History of Westchester County, New York, Vol. II
All were more or less concerned, for Tate was supposed to have intentions of giving evidence against the Bay State Company concerning some of their acquisition of land from the government, and the empty saddle looked bad, for Jimmy was a good rider, even when intoxicated. "Long" (Wyatt) Heard, now (1919) and before of Uvalde county, Texas, then headquartered on Pumpkin creek, was telling about it.
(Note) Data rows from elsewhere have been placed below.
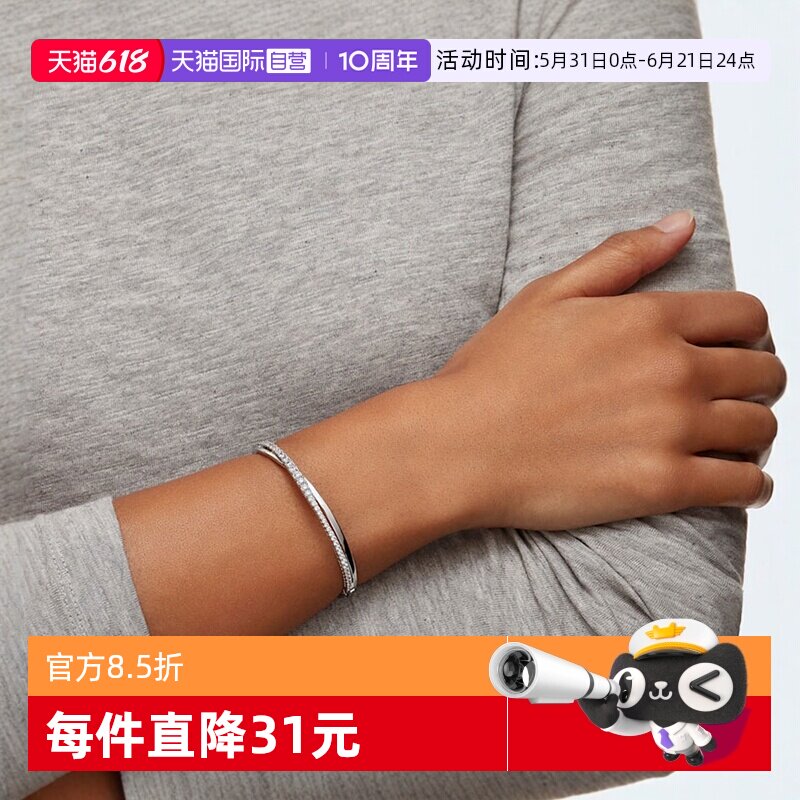 【自营】Swarovski/施华洛世奇Twist手镯手链送女友礼物礼盒款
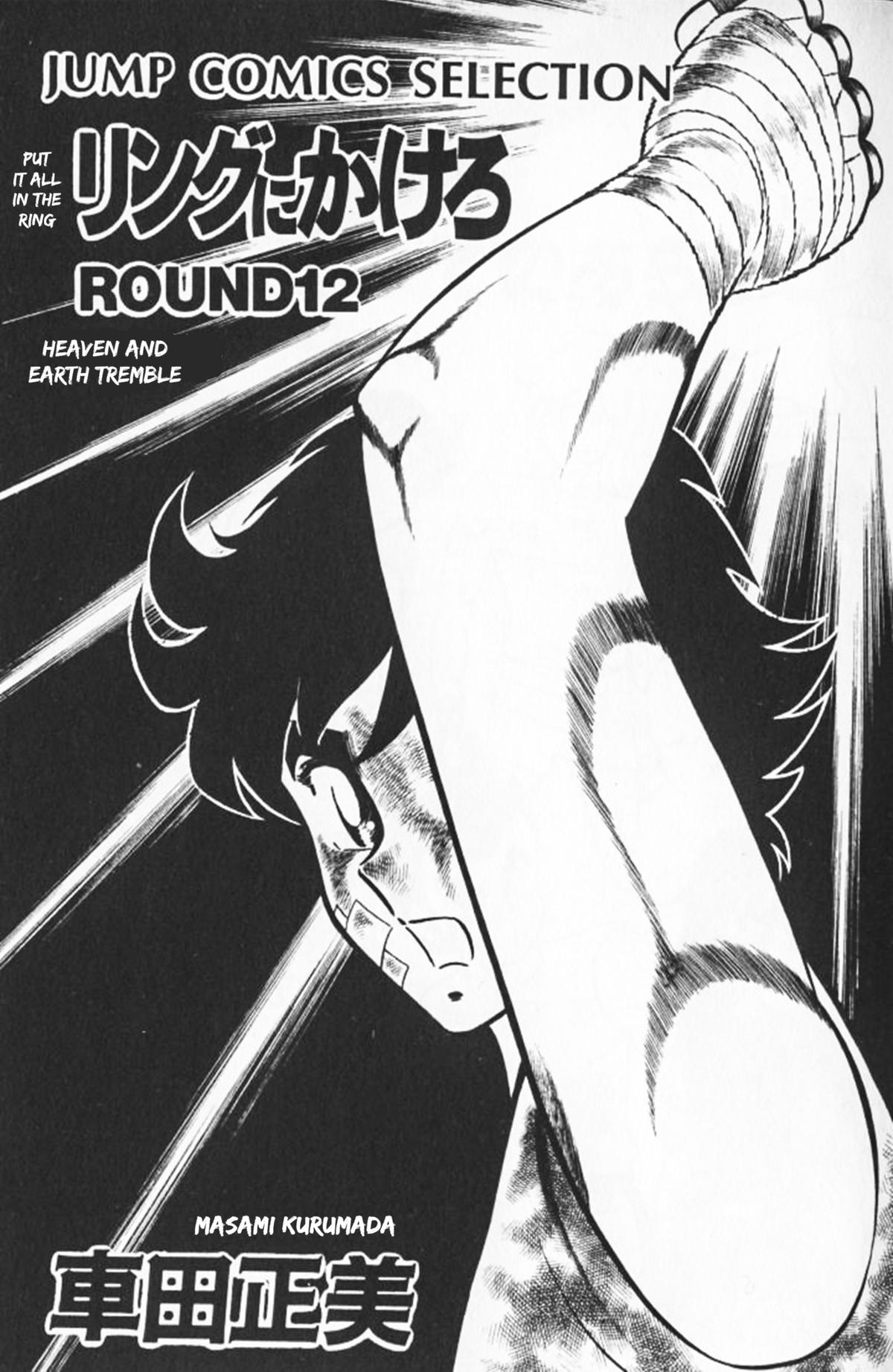Ring ni Kakero Chap 90 - Next Chap 91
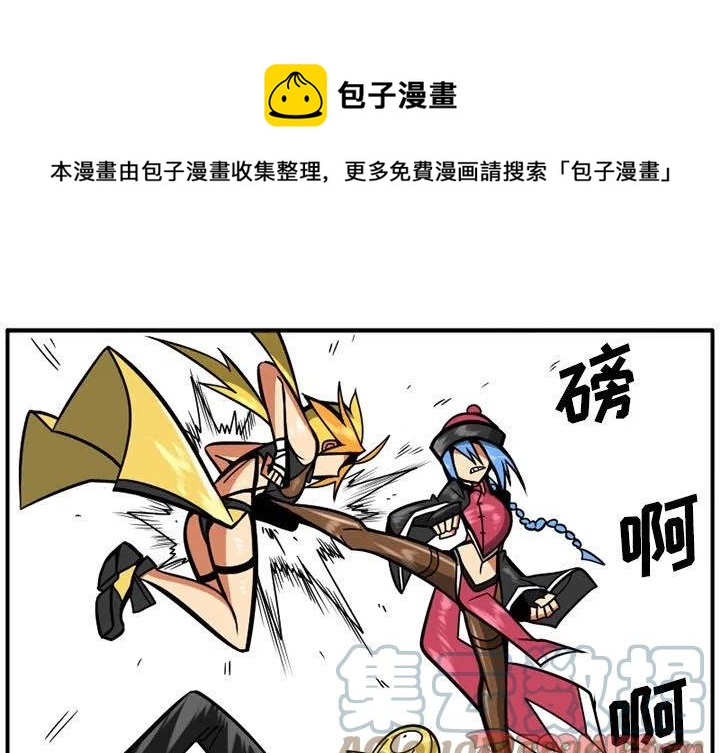 守护者任务攻略漫画,241图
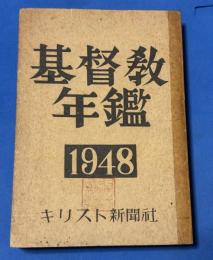 基督教年鑑　キリスト教年鑑
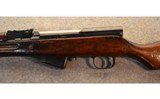 Norinco SKS - 8 of 10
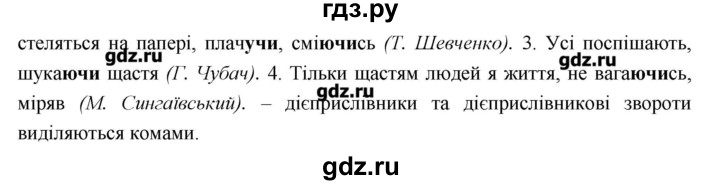 ГДЗ по украинскому языку 7 класс Глазова   вправа - 567, Решебник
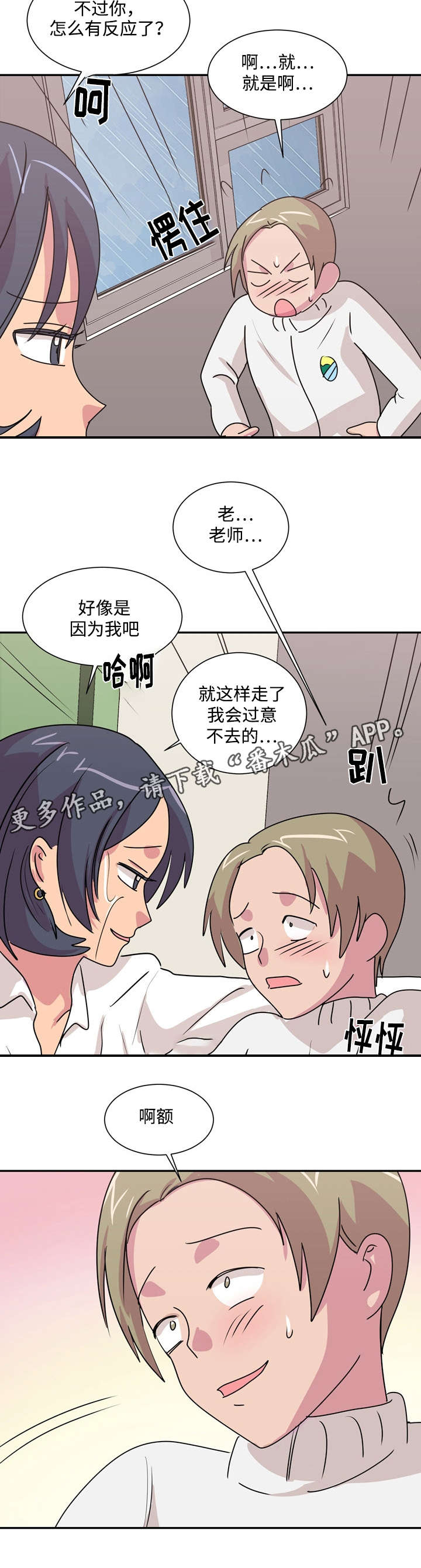 复读体验漫画,第36章：拦着他2图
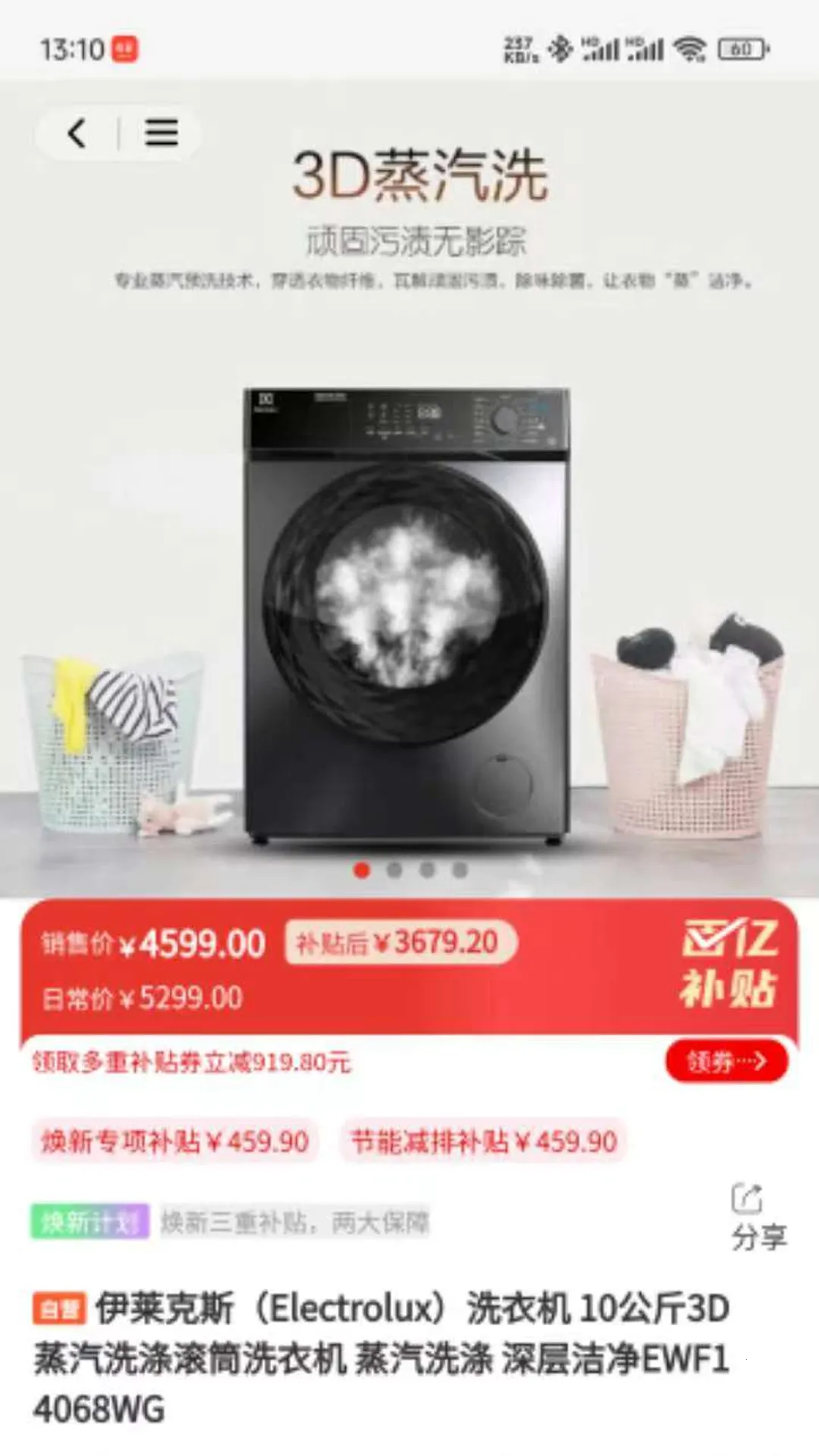 (Ҿӹƽ̨)v3.1.13 Ѱ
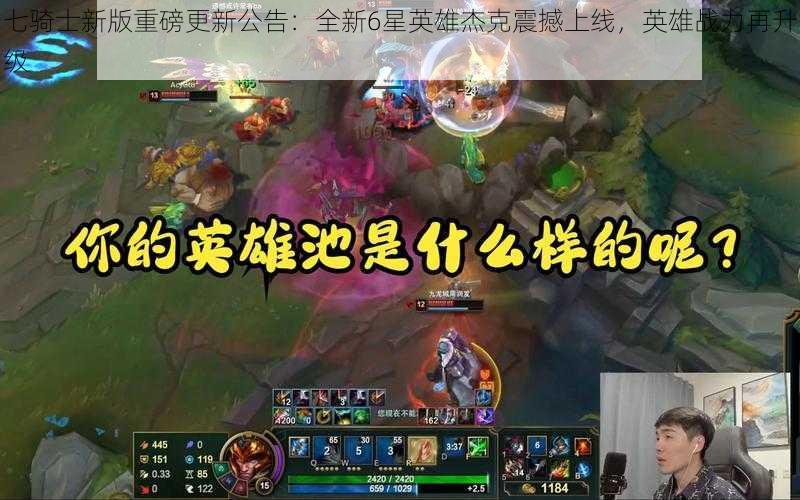 七骑士新版重磅更新公告:全新6星英雄杰克震撼上线,英雄战力再升级
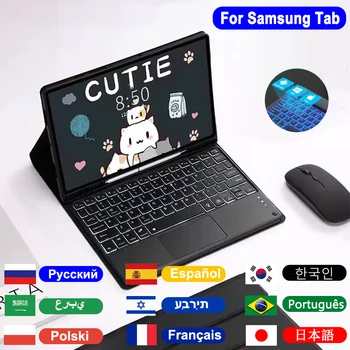 Безжична Клавиатура С подсветка Калъф За Samsung Tab S6 Lite A7, A8, S7 S8 S9 11 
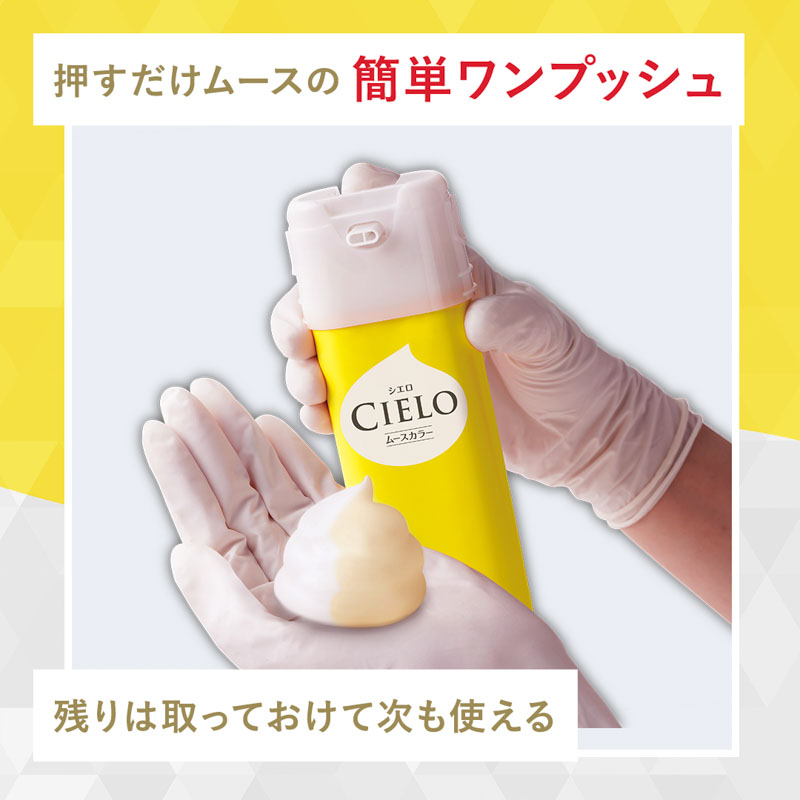 シエロ ムースカラー 4 ライトブラウン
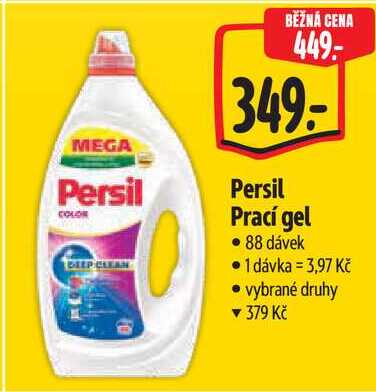 Persil Prací gel, 88 dávek 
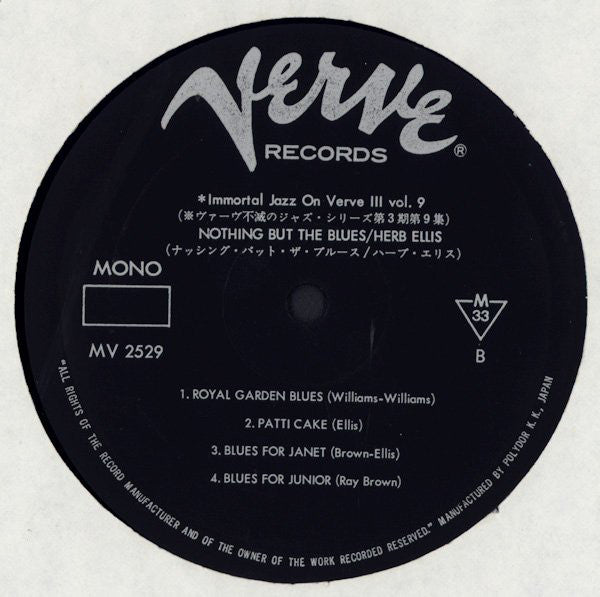Herb Ellis = ハーブ・エリス* : Nothing But The Blues = ナッシング・バット・ザ・ブルース (LP, Album, Mono, RE)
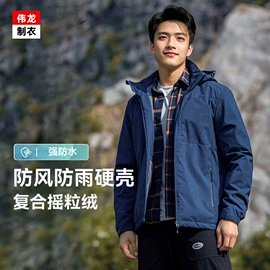 男式T恤;男式休闲裤;男式卫衣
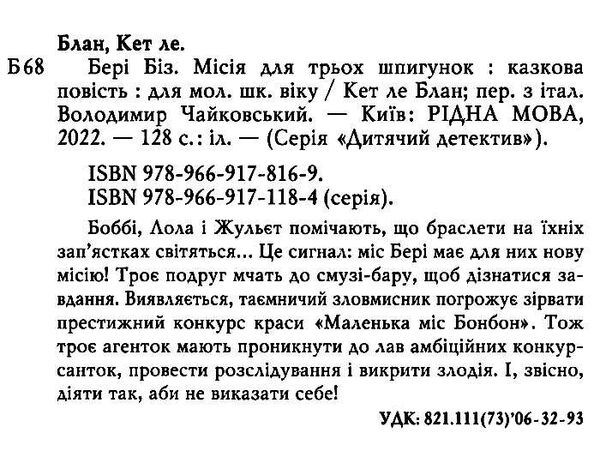 місія для трьох шпигунок книга 1 Ціна (цена) 110.20грн. | придбати  купити (купить) місія для трьох шпигунок книга 1 доставка по Украине, купить книгу, детские игрушки, компакт диски 1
He said that the story they got from Johnny was that Tate had fallen from his horse and was killed.
"But how do you know that he is dead?" was asked.
With all sincerity Frantz told them that he had stopped, and called to Tate several times, and received no answer, and then he had "rode over him two or three times, and he never moved."
Jimmy came out of it all right, but afterwards died with his boots on, in the same old town of Sidney, and many believed that his revelations concerning the land matters had something to do with his sudden and violent death. He now lies in "Boots Graveyard," a part of the Sidney cemetery, that was set aside for the boys who died in the classic way of the early west.
"Bad men" were always drifting in and out of the early camps, and through the frontier towns, and it was somewhat difficult to distinguish the real from the make-believe. Occasionally one would make his bluff stand up for a time, but he eventually met someone that "called him."